» Task to complete
Please copy each line of the records below that holds the word "Blue".

» Available data
BEGIN
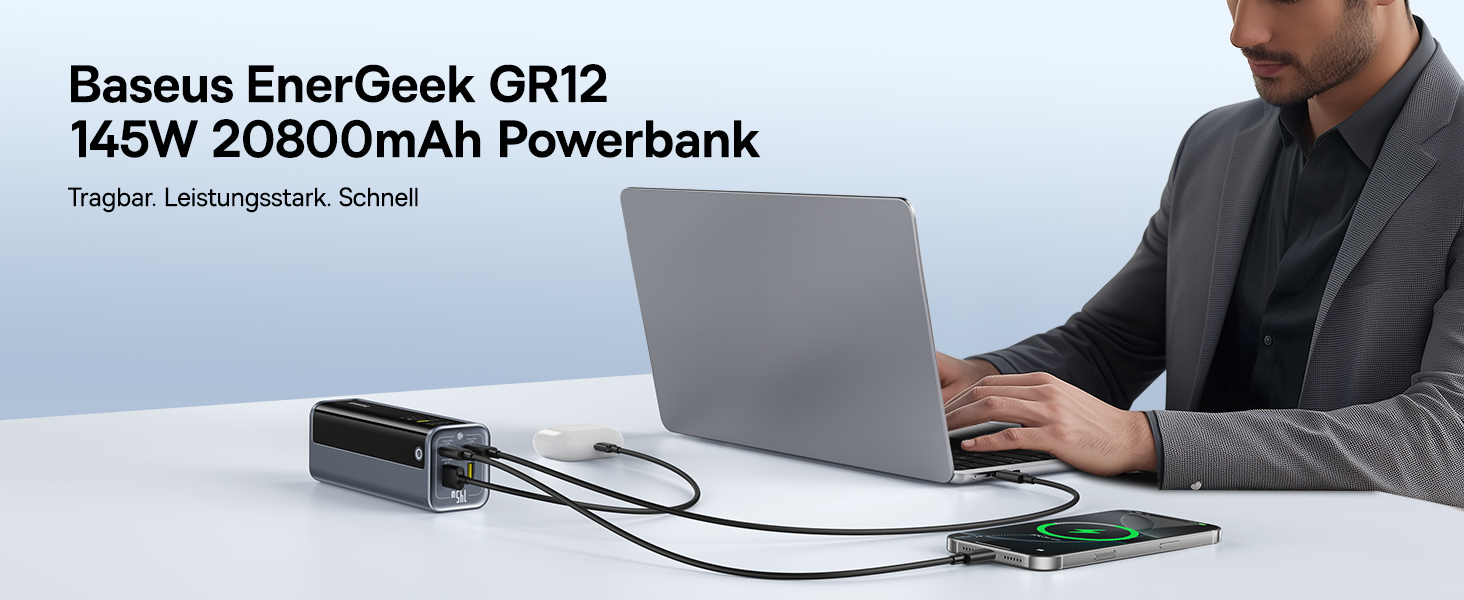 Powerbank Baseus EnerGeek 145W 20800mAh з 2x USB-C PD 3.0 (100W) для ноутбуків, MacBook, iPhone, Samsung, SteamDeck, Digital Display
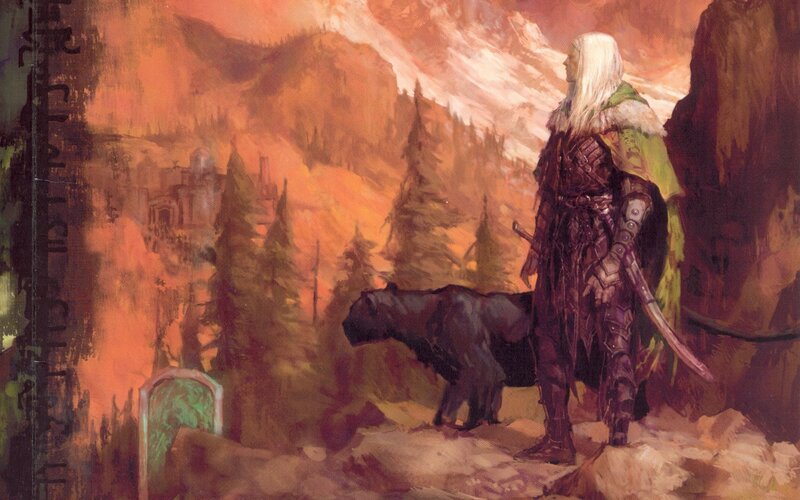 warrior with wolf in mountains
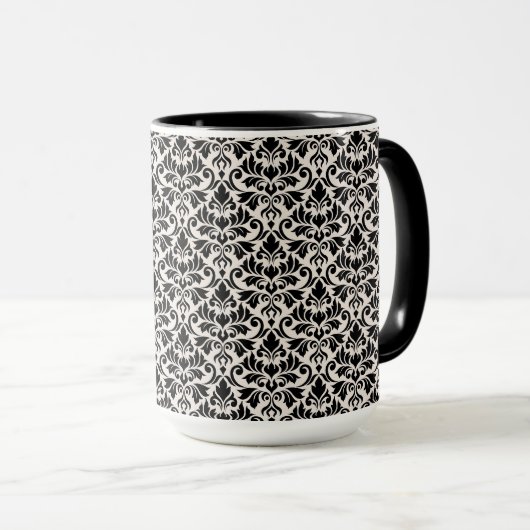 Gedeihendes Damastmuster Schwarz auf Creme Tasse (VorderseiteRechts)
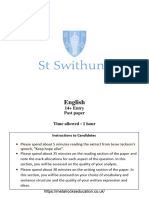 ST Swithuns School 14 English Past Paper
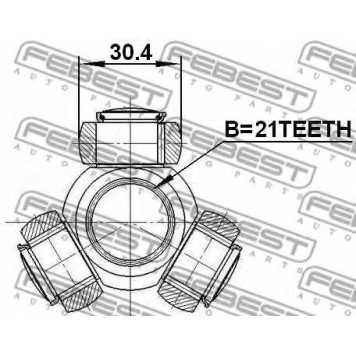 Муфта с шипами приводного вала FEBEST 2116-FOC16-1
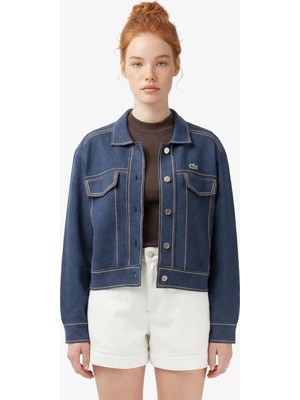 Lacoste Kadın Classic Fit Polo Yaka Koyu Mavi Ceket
END
BEGIN
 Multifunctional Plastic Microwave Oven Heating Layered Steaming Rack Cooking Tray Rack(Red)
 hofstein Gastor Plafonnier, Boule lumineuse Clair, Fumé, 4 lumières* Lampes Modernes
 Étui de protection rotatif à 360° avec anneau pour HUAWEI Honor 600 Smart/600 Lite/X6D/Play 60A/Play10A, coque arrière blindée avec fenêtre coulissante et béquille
END
BEGIN
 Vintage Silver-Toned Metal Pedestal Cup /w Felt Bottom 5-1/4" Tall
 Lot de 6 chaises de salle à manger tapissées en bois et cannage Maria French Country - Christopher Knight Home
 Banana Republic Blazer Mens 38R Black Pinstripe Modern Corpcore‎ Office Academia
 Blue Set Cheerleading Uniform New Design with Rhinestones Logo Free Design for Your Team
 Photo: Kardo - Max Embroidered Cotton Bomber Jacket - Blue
END
» Exercise result
 Blue Set Cheerleading Uniform New Design with Rhinestones Logo Free Design for Your Team
 Photo: Kardo - Max Embroidered Cotton Bomber Jacket - Blue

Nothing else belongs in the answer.